Please verify tides before paddling. I used the following website. You can also use this link to look for tides on any day of the year!
Newark Slough High Tides:
Sat: Aug 11: 10:23am (following low tide is pretty high, so ebb tide should be weak)
Sun: Aug 12: 11:18am (following low tide is pretty high, so ebb tide should be weak)
Sat: Aug 25th: 9:01am
Sun: Aug 26th:10:14am
Sat: Sept 8th: 8:31am (following low tide is pretty high, so ebb tide should be weak)

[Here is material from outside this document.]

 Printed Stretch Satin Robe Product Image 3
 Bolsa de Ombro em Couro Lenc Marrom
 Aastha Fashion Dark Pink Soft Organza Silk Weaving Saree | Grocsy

Sun: Sept 9th: 9:43am (following low tide is pretty high, so ebb tide should be weak)
Sat: Sept 22nd: 7:31am
Sun: Sept 23rd: 8:47am
I'd recommend putting in up to an hour and a half before the high tide, and turning around no later than high tide. If there is a big drop for the following low tide, I would turn around earlier, as a big change in tide means a stronger current.
The rangers have recommended to me at least 3 feet of tide in the slough for the entire length of the paddling trip. This is pretty easy to verify by looking at a daily tide chart. For example:
Here is a map of the put-in, and the one-way mileage of the slough:
Newark slough is about 8 miles round trip to the drawbridge and back, and almost 10 miles round trip to the bay. The nice thing is that it is not a loop, you can turn around at any point.

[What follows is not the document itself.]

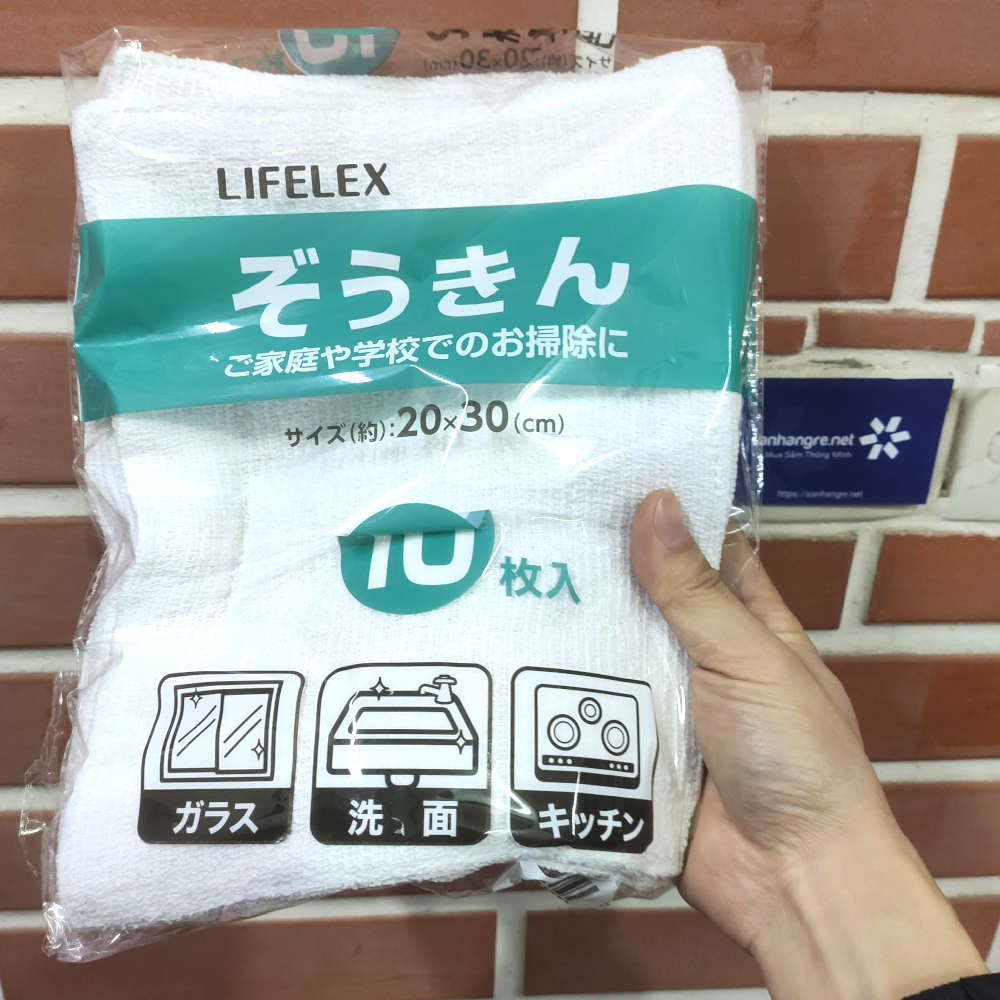 Bộ 10 khăn lau bếp Lifelex Japan IZA21-3723 size 20x30cm xuất Nhật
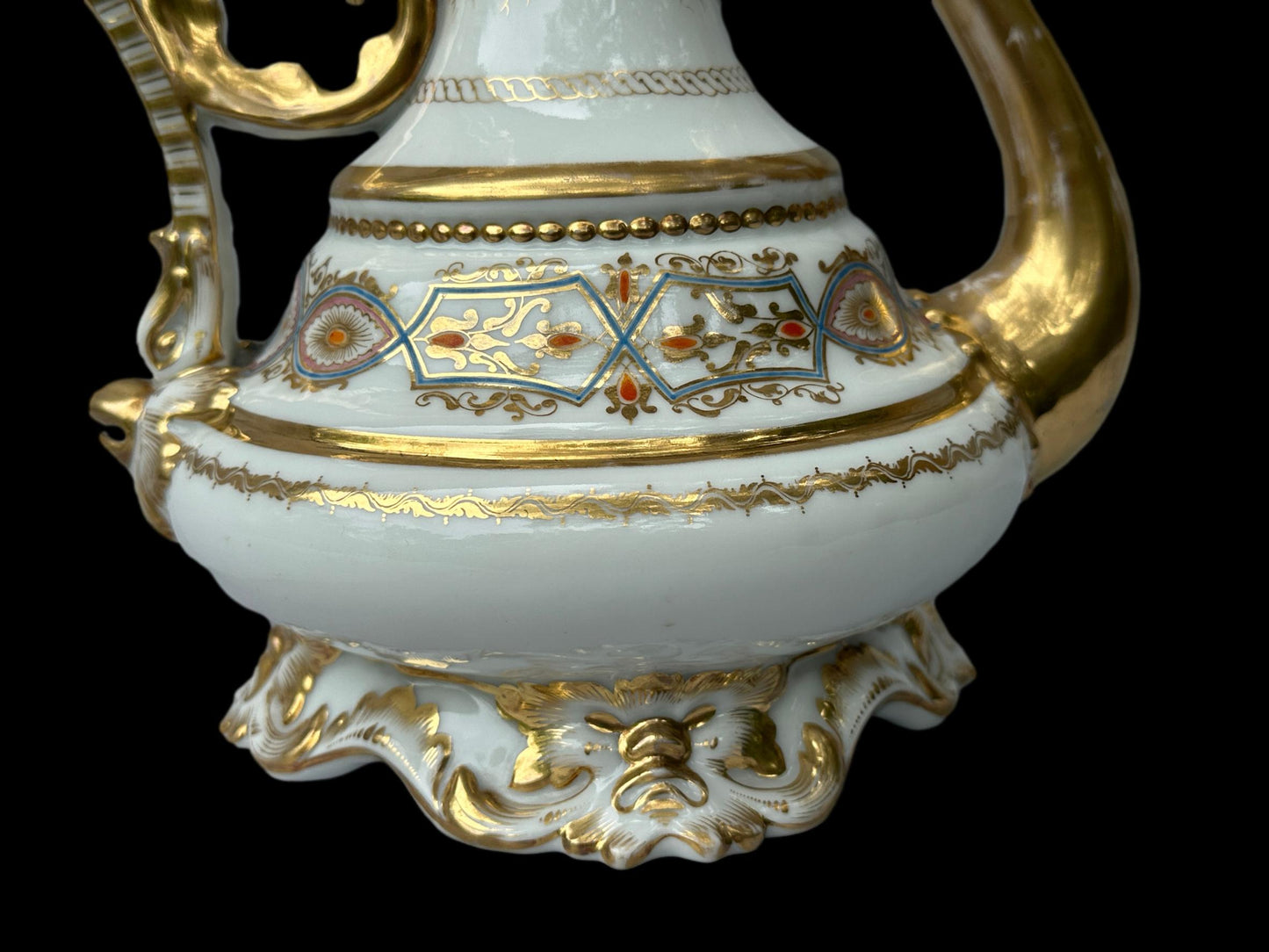 Antique 19th C. Paris Porcelain Coffee Pot | Hand-Painted & Gold Gilt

As with all bay paddling, earlier is better to beat the wind, although early wind is certainly still possible, so please check the weather and use your judgement.
Newark Slough is an extremely pretty slough, particularly at the start, and then later after you pass the section that parallel's highway 84. I've never made it all the way to the drawbridge, although I plan to some day.

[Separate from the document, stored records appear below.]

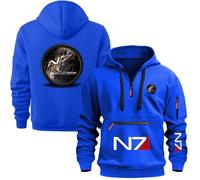 Felpe con Cappuccio da Uomo Pullover con Zip 1/4 per N.7 Felpa da Allenamento A Maniche Lunghe con Grafica A Tinta Unita E Tasche Top da Esterno A2 3XL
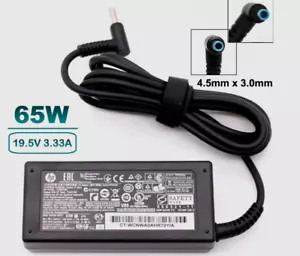 Genuine HP Blue Tip Pin 19.5V 3.33A 65W Laptop Charger AC Power Adapter Original - Picture 1 of 3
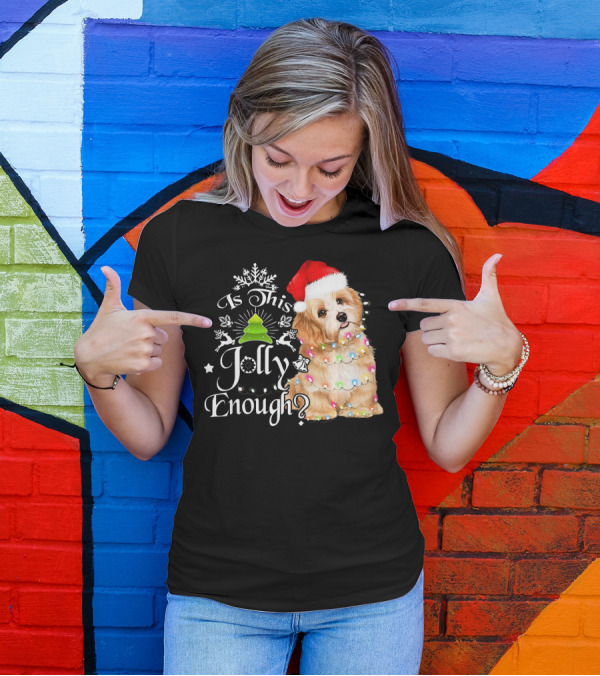 Shih Tzu Is This Jolly Enough Christmas Lights Santa Hat T-Shirt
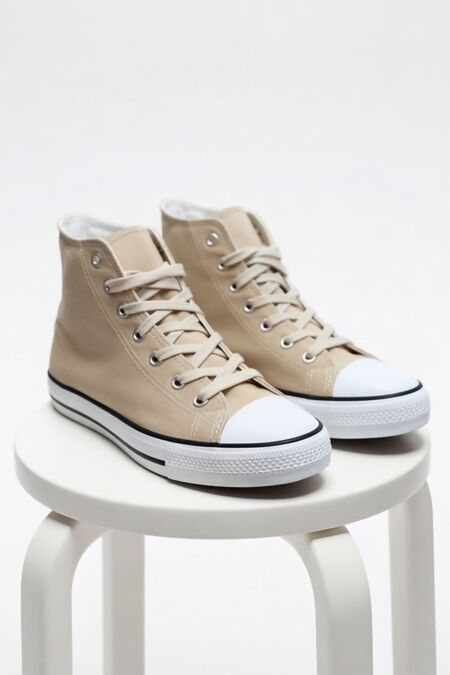 Canvas White Lace Up High Top Trainers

Finally, the put-in at Newark Slough is MUDDY! If you go, plan your footwear accordingly, and bring bags for muddy shoes and gear. Putting in is usually not that bad, as you can dip your feet in the water before stepping in, but getting out can be a mess. I've been thinking of bringing a big rubber sheet to step on, but I need to figure out a way to keep it from floating away.